> **ASSIGNED TASK**: From the data below, set down exactly the lines between the one holding "Height/Temp. 850 hPa" and the one holding "thumbnail image 2", inclusive, and no others.

> **DATA UNDER STUDY**:
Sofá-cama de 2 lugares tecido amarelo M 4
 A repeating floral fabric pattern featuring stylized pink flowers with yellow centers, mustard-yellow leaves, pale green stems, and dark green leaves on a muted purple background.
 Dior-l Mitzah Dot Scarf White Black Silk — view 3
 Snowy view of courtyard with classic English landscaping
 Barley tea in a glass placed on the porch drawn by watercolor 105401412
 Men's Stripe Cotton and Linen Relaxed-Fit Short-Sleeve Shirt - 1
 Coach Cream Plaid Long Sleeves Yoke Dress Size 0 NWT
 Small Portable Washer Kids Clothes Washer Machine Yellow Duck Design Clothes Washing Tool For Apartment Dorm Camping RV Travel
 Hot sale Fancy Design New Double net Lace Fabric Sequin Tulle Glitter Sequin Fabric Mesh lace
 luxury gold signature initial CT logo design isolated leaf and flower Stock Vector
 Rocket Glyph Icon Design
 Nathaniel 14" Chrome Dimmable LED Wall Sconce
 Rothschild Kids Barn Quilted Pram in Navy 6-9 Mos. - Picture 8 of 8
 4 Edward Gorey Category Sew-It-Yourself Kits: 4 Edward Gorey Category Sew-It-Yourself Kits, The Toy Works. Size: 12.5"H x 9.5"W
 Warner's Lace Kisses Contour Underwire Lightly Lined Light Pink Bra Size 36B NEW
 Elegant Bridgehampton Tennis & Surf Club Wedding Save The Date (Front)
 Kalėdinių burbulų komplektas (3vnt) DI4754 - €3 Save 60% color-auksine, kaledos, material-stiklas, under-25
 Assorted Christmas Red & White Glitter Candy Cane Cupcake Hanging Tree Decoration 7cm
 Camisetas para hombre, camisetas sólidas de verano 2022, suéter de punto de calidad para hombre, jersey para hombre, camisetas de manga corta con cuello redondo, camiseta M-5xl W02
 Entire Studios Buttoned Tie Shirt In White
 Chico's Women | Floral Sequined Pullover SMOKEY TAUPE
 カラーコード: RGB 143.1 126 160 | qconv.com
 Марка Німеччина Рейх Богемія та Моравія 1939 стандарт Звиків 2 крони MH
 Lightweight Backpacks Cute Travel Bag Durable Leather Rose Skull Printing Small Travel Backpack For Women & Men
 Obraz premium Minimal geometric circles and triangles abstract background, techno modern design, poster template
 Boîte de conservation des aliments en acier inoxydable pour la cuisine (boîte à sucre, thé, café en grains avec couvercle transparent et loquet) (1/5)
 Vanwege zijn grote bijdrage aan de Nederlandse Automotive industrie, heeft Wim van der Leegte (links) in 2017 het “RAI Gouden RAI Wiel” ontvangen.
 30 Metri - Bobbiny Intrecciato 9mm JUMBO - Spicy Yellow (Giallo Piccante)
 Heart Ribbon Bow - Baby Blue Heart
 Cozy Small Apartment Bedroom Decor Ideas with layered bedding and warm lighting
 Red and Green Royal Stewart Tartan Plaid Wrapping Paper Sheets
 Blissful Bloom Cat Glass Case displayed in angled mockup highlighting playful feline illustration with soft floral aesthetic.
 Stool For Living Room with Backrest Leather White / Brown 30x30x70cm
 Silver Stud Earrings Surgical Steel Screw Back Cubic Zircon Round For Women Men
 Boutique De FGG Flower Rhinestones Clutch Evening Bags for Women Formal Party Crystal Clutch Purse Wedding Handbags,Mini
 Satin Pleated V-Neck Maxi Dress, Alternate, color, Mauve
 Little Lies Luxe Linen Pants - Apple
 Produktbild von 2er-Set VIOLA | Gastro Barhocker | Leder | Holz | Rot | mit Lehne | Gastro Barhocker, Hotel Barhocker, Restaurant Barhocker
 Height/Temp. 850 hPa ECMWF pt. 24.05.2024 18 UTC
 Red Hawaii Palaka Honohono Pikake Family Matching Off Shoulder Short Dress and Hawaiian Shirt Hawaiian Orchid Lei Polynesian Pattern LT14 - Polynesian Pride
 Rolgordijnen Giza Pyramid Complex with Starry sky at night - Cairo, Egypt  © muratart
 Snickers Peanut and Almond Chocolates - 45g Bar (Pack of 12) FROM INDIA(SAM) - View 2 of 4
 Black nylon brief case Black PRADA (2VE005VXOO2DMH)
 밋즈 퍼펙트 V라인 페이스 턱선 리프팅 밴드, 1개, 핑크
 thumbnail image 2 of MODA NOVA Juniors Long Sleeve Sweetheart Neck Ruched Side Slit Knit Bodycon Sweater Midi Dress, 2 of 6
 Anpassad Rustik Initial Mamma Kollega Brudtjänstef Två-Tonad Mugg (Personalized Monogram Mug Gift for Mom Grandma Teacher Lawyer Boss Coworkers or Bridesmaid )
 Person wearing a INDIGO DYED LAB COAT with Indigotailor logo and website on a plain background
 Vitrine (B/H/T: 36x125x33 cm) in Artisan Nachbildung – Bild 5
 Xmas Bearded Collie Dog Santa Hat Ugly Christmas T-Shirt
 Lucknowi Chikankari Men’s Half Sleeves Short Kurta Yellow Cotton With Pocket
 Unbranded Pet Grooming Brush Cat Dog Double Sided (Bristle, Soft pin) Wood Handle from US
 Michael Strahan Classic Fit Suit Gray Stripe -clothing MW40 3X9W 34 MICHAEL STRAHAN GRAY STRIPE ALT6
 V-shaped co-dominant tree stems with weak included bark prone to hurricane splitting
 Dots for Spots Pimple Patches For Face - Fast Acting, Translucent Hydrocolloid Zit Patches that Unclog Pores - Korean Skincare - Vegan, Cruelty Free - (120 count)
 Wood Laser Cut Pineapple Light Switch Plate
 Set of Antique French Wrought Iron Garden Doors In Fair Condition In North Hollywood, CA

> **TASK SOLUTION**:
 Height/Temp. 850 hPa ECMWF pt. 24.05.2024 18 UTC
 Red Hawaii Palaka Honohono Pikake Family Matching Off Shoulder Short Dress and Hawaiian Shirt Hawaiian Orchid Lei Polynesian Pattern LT14 - Polynesian Pride
 Rolgordijnen Giza Pyramid Complex with Starry sky at night - Cairo, Egypt  © muratart
 Snickers Peanut and Almond Chocolates - 45g Bar (Pack of 12) FROM INDIA(SAM) - View 2 of 4
 Black nylon brief case Black PRADA (2VE005VXOO2DMH)
 밋즈 퍼펙트 V라인 페이스 턱선 리프팅 밴드, 1개, 핑크
 thumbnail image 2 of MODA NOVA Juniors Long Sleeve Sweetheart Neck Ruched Side Slit Knit Bodycon Sweater Midi Dress, 2 of 6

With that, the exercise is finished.